■ What you should do
Transcribe the records word for word, beginning with the first line and ending with the line that contains "Building Photo - 625 Clifton Ct"; include nothing else.

■ Given data

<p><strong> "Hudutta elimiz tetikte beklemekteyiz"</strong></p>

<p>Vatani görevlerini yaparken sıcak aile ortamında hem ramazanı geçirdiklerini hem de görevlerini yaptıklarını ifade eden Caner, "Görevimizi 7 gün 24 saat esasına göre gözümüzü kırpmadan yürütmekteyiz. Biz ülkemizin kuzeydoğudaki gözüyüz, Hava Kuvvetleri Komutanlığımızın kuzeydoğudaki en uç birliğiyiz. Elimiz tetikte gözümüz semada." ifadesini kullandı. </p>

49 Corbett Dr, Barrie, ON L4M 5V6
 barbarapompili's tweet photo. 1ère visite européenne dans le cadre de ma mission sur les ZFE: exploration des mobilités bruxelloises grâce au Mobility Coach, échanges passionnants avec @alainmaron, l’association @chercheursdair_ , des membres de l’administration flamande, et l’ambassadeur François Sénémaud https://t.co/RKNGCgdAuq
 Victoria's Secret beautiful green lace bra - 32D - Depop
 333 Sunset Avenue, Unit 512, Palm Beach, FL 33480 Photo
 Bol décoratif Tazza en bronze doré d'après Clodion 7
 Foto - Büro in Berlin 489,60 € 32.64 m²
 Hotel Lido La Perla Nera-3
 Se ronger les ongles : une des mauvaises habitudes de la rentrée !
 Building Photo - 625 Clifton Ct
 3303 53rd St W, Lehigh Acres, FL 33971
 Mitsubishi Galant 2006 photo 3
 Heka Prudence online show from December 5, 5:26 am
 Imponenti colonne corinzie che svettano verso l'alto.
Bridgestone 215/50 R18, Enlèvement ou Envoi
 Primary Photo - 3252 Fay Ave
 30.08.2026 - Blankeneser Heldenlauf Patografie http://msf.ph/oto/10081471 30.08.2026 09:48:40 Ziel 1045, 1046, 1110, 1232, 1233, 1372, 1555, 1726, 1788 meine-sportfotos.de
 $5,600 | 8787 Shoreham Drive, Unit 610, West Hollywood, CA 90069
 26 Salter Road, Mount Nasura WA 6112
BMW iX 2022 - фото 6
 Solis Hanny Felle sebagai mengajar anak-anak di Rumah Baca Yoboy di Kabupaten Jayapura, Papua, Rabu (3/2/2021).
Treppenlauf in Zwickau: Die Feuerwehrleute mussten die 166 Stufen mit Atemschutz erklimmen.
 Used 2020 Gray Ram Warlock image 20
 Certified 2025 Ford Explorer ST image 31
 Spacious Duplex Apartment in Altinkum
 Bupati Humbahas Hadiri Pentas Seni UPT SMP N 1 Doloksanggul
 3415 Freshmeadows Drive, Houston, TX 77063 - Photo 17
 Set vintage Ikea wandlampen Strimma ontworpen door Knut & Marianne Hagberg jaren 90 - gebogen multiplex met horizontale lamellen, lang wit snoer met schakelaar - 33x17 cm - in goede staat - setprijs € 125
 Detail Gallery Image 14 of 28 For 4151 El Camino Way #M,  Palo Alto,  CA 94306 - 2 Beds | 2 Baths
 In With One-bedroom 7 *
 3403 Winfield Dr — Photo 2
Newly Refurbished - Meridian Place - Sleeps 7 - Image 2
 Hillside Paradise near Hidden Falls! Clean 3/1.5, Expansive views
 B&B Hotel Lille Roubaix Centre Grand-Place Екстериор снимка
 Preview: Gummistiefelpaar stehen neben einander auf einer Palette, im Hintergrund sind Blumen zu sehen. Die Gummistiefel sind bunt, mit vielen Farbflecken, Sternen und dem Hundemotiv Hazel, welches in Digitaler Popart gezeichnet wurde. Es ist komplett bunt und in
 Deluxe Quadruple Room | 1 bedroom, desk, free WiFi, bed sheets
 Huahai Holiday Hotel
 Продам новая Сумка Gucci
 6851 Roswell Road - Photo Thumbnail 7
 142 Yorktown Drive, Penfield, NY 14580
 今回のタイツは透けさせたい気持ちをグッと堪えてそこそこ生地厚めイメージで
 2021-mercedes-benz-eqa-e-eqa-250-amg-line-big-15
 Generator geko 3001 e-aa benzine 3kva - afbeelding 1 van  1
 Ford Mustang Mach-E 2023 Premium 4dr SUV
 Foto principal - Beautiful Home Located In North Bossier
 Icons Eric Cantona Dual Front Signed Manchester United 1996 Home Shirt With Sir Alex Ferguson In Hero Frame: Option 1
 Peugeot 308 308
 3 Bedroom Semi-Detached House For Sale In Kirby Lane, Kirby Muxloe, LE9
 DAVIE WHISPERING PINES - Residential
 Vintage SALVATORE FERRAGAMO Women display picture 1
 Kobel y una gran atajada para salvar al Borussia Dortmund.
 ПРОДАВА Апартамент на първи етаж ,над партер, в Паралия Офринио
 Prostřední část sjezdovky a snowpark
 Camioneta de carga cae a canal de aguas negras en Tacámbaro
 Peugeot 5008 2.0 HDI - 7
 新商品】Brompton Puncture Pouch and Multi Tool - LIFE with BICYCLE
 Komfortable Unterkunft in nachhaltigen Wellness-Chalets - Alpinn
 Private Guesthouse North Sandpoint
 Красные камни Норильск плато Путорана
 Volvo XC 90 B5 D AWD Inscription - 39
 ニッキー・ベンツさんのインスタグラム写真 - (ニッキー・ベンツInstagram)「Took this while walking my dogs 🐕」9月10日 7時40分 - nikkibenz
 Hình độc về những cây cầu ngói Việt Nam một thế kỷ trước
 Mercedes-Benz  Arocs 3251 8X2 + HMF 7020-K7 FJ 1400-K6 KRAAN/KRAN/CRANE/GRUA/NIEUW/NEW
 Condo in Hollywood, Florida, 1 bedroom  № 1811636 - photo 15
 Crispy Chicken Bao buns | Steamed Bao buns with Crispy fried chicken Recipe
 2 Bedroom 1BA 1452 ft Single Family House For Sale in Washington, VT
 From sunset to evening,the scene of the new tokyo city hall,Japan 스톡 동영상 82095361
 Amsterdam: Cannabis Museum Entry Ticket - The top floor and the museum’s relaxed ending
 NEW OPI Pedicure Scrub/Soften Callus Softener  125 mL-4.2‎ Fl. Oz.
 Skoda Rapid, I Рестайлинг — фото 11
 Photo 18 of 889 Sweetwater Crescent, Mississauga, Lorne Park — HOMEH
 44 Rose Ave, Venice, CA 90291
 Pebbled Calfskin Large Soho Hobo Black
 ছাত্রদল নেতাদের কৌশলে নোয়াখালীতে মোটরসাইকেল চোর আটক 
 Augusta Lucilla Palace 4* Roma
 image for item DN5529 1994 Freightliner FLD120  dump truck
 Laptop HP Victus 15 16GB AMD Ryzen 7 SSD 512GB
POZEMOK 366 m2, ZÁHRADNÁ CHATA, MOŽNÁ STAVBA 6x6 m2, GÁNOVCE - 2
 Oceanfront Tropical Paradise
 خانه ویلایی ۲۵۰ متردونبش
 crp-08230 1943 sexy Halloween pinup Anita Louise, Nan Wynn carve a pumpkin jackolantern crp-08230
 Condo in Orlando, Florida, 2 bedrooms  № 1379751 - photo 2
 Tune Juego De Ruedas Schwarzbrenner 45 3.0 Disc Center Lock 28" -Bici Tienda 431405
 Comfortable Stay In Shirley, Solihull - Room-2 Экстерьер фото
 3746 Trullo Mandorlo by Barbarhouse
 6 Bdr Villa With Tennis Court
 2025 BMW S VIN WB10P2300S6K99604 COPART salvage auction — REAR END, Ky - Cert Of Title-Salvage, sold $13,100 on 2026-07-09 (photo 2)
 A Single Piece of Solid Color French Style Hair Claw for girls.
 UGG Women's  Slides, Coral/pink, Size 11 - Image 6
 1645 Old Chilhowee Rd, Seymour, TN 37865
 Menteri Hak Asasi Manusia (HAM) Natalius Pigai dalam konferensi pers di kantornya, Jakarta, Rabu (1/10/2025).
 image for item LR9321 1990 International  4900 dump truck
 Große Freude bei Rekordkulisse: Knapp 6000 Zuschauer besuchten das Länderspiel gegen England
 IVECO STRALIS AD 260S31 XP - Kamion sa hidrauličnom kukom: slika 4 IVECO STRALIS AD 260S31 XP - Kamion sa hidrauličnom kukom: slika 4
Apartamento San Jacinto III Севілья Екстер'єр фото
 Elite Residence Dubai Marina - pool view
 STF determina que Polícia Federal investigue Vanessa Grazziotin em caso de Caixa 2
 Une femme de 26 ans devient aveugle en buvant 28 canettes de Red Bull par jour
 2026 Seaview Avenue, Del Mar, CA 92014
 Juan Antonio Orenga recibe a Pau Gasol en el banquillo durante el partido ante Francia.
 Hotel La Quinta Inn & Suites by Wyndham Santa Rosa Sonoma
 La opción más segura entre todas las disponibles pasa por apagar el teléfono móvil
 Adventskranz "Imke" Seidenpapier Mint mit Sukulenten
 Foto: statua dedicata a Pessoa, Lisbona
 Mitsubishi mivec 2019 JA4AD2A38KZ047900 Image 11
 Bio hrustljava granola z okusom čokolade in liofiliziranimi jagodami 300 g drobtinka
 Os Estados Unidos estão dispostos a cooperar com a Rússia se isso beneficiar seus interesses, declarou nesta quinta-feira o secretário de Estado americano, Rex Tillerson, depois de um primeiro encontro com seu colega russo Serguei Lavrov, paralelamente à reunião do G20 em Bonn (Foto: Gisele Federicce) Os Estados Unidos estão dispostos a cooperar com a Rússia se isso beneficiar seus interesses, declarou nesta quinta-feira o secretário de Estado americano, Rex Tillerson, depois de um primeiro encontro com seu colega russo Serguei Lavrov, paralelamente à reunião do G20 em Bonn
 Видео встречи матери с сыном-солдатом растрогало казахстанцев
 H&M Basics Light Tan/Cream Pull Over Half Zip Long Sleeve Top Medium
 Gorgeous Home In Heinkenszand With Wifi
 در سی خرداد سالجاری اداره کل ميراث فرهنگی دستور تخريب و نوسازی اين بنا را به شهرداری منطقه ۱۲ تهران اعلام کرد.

■ Exercise answer
<p><strong> "Hudutta elimiz tetikte beklemekteyiz"</strong></p>

<p>Vatani görevlerini yaparken sıcak aile ortamında hem ramazanı geçirdiklerini hem de görevlerini yaptıklarını ifade eden Caner, "Görevimizi 7 gün 24 saat esasına göre gözümüzü kırpmadan yürütmekteyiz. Biz ülkemizin kuzeydoğudaki gözüyüz, Hava Kuvvetleri Komutanlığımızın kuzeydoğudaki en uç birliğiyiz. Elimiz tetikte gözümüz semada." ifadesini kullandı. </p>

49 Corbett Dr, Barrie, ON L4M 5V6
 barbarapompili's tweet photo. 1ère visite européenne dans le cadre de ma mission sur les ZFE: exploration des mobilités bruxelloises grâce au Mobility Coach, échanges passionnants avec @alainmaron, l’association @chercheursdair_ , des membres de l’administration flamande, et l’ambassadeur François Sénémaud https://t.co/RKNGCgdAuq
 Victoria's Secret beautiful green lace bra - 32D - Depop
 333 Sunset Avenue, Unit 512, Palm Beach, FL 33480 Photo
 Bol décoratif Tazza en bronze doré d'après Clodion 7
 Foto - Büro in Berlin 489,60 € 32.64 m²
 Hotel Lido La Perla Nera-3
 Se ronger les ongles : une des mauvaises habitudes de la rentrée !
 Building Photo - 625 Clifton Ct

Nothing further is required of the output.